Walmart plans to hire 65 to 95 workers for the store, officials said, making note that the average pay for a full-time Colorado Walmart associate is $13.39 an hour.
The statement comes a few days after a posting was made on Monster.com seeking assistant manager trainees for a location in Boulder.
During the past year, speculation swelled and various clues emerged that indicated Walmart was behind the planned 52,000-square-foot grocery store at Diagonal Plaza.
City officials said they did not know what retailer was behind the store planned for the space, which is a combination of the long-vacant Ross and PetSmart stores.
The applicant of the grocery store at 3303 30th St. recently filed additional documents with the city of Boulder in response to comments and questions from planning staff members about items such as landscaping and electrical.
The minor modification and building permit documents filed with the city during the past year contain little identifiable information about the tenant. For this type of modification and tenant finish, the property owner is not required to disclose the site's occupant.
However, certain details such as a store number, floor plan, paint colors, shelving materials and the design of the cart corrals align with Walmart Neighborhood Market stores that are under development or in operation, including in the Denver metro area.
Additionally, several grocery store operators -- including King Soopers, Natural Grocers By Vitamin Cottage and Sprouts -- have said they are not the tenant of the 3303 30th St. store.
Safeway has a 77,000-square-foot store across 28th Street.
Boulder Mayor Matt Appelbaum said while there could be some argument that changes could be made to the policy of naming tenants in cases like this, he said this situation was likely unique to Walmart.
"Nobody has ever really ever cared before what tenant is going into what space," he said. "What does knowing the tenant tell us? If it was a King Soopers I see no reason the impact would be any different than a Walmart and people probably wouldn't be all up in arms about it."
A Walmart Neighborhood Market most likely would not pull away sales from locally owned grocery stores such as Lucky's Market and Alfalfa's, said Sean Maher, executive director of Downtown Boulder Inc. and a longtime Boulder businessman.
"If it's going to impact anybody, it's going to impact Safeway and King Soopers," he said.
Boulder's economic vitality coordinator Liz Hanson agreed.
"I think that as in any community, the market will determine which retail stores succeed and I think Boulder shoppers will decide where they want to spend their grocery dollars," she said.
When Walmart made a play to open a store in Boulder in the past, residents and some City Council members pushed back against the idea of a large-scale big-box retailer opening. Others locally and nationally have vocalized opposition to the retailer, citing the company's business practices, labor policies and lawsuits surrounding working conditions.
"I don't think it's the same conversation we had seven to eight years ago when Walmart tried to open a (Supercenter) here," Maher said. " ... That's a whole different animal."
Appelbaum added he knows the retailer's arrival will not be welcomed by everyone in Boulder, but said changes to land use code over the outrage was not necessarily the right thing to do.
"We are well aware not everybody is happy about a Walmart coming to town, and I get that," Appelbaum said. "It's not an easy problem to deal with.
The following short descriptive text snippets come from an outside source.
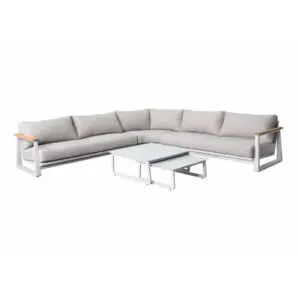 Experience the perfect blend of elegance and durability with the bra corner garden sofa set, featuring a sturdy aluminum structure, FSC® teak armrests, water-repellent removable cushions, and matching tables, designed for both indoor and outdoor.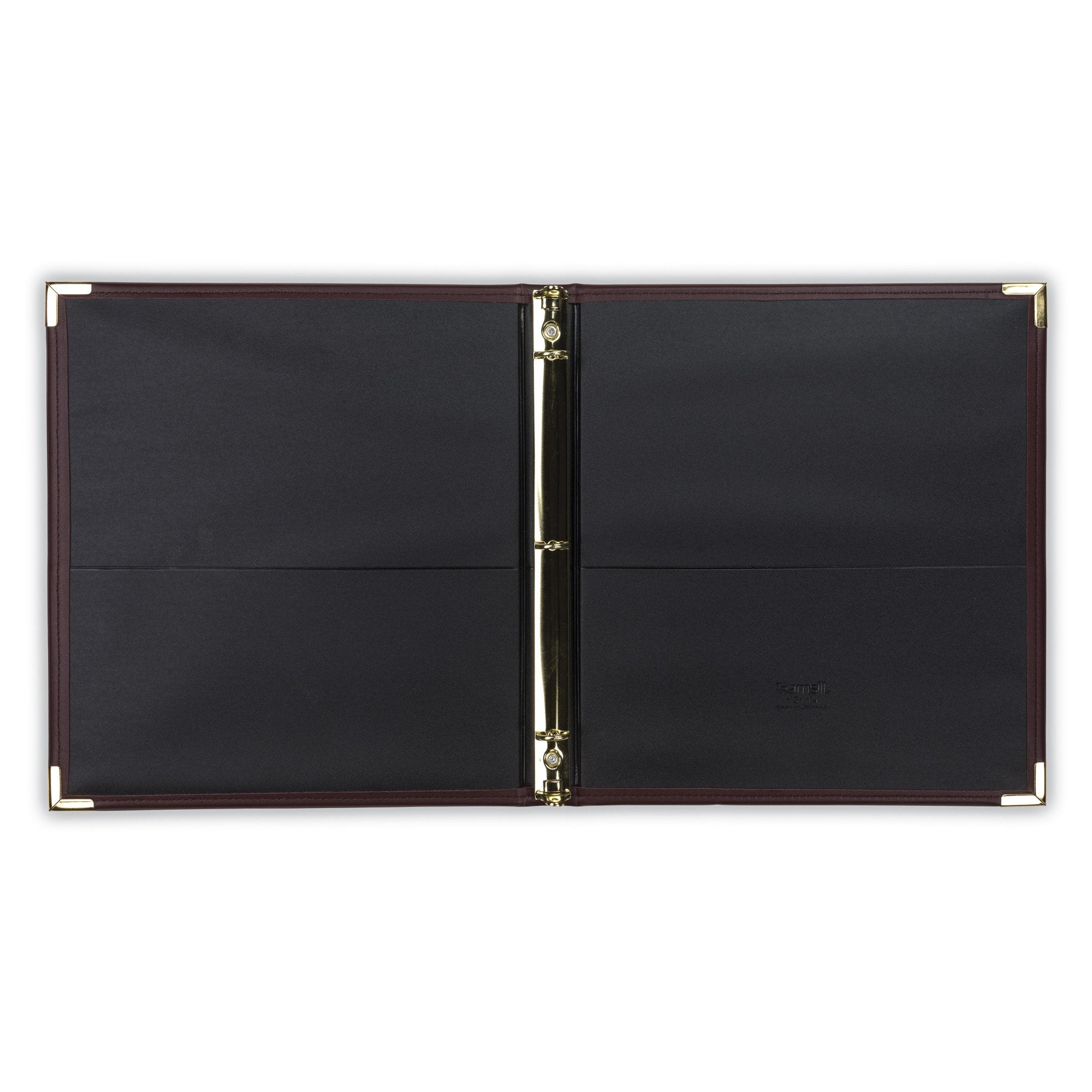 Samsill Classic Collection Leather 3 Ring Binder, Executive Presentation Portfolio, 0.5 Inch (Holds 100 Sheets), Brass Round Ring, Burgundy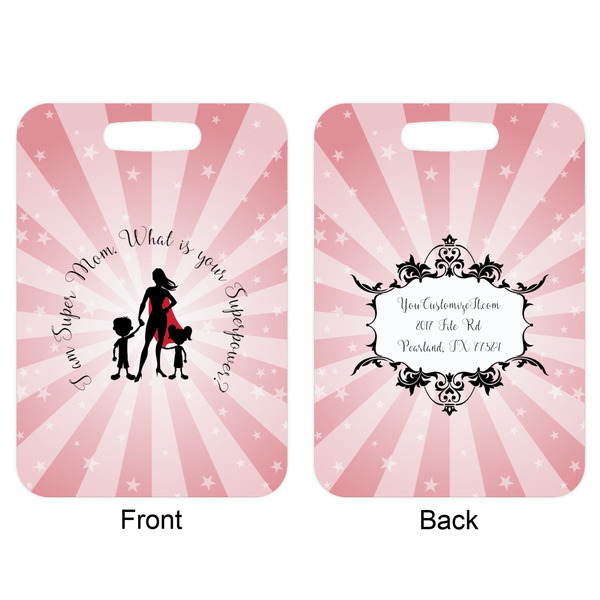 Super Mom Aluminum Luggage Tag (Front + Back)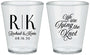 Custom Wedding Plastic Shot Glasses - Monogram Tying Knot | 559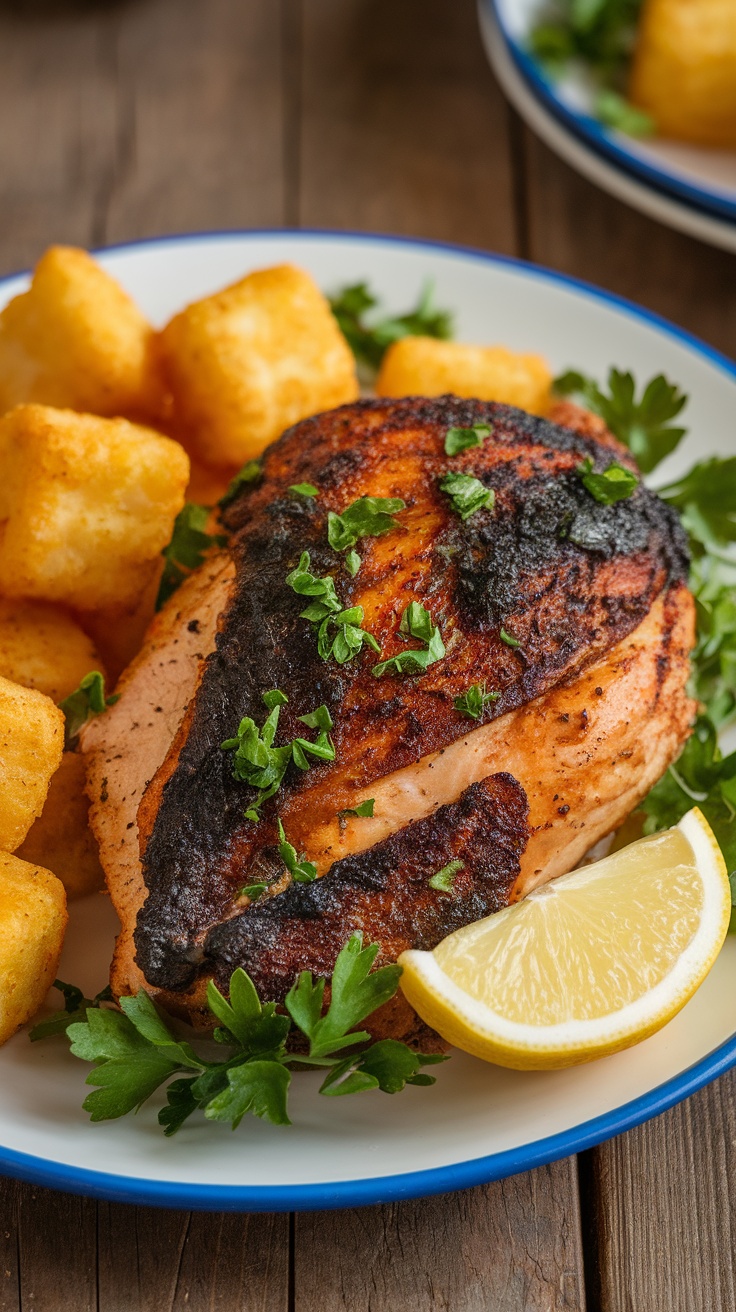 Spicy Cajun Blackened Chicken Recipe Cajun blackened chicken with tater tots and lemon on a rustic wooden table.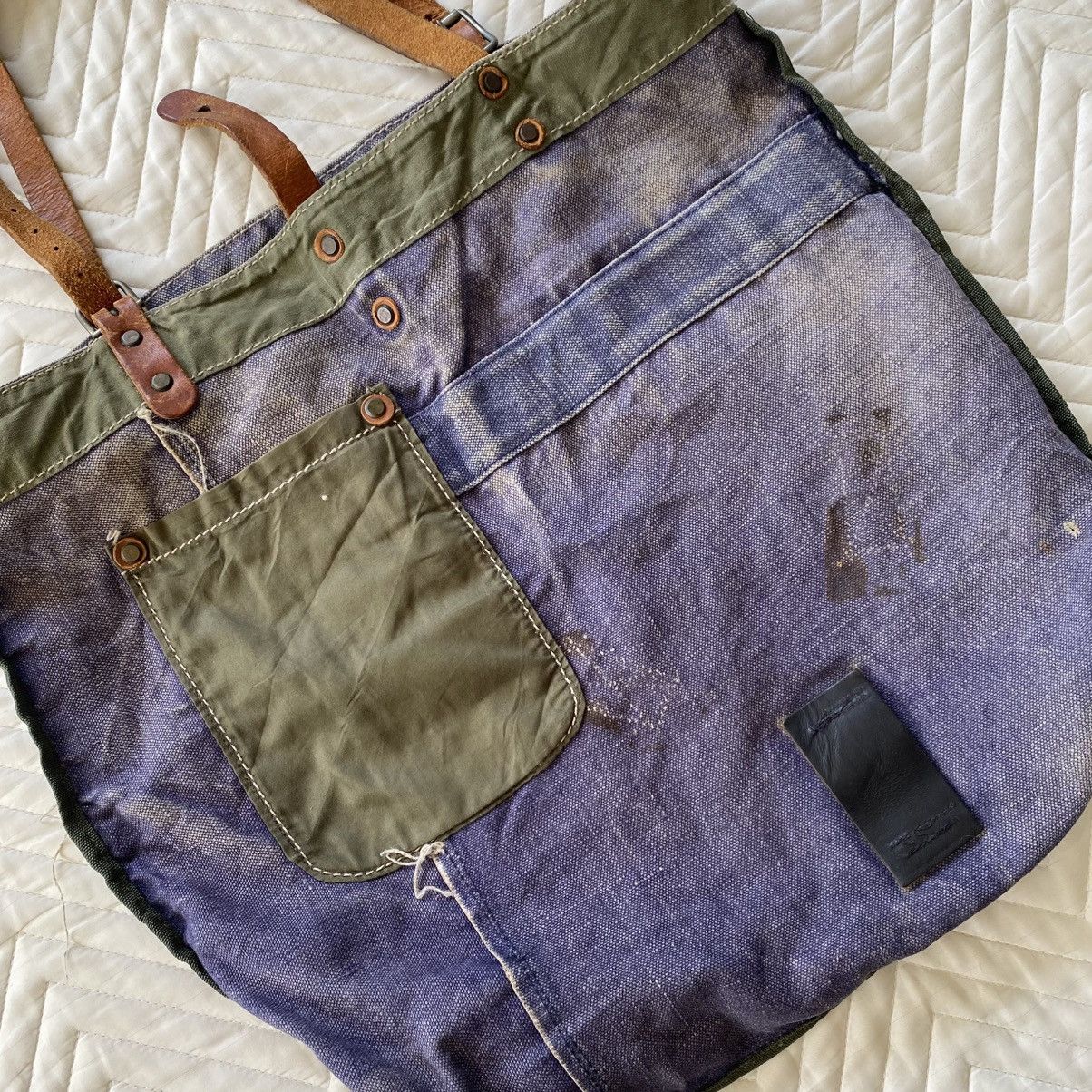 Japanese Brand Custom Made Denim Tote Bag– Vintage Patina Look Size ONE SIZE - 10 Thumbnail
But for people who are not happy with a Walmart, you don't need to shop there."
Boulder Councilman George Karakehian added the Walmart might keep some shoppers in Boulder who previously went out of town for cheaper grocery options.
"I think that's even more competition, and another grocery store will lower grocery prices and that's good," he said.
What Walmart's arrival could mean to Diagonal Plaza -- an aging shopping center that city officials have highlighted for its redevelopment potential -- is yet to be seen, said John Tayer, chief executive officer of the Boulder Chamber.
"We're as curious as anybody to see what development is planned for there ... and the opportunity for development to further energize that site," Tayer said.
Until today, Walmart officials had not responded to repeated inquiries from the Daily Camera during the past six months.
Walmart launched its grocery-focused Neighborhood Market concept nearly 15 years ago as a means to enter different geographic areas, including more urban settings. Neighborhood Market locations average about 38,000 square feet in size and Walmart has tailored aspects of the grocery-focused stores to meet the needs of specific markets.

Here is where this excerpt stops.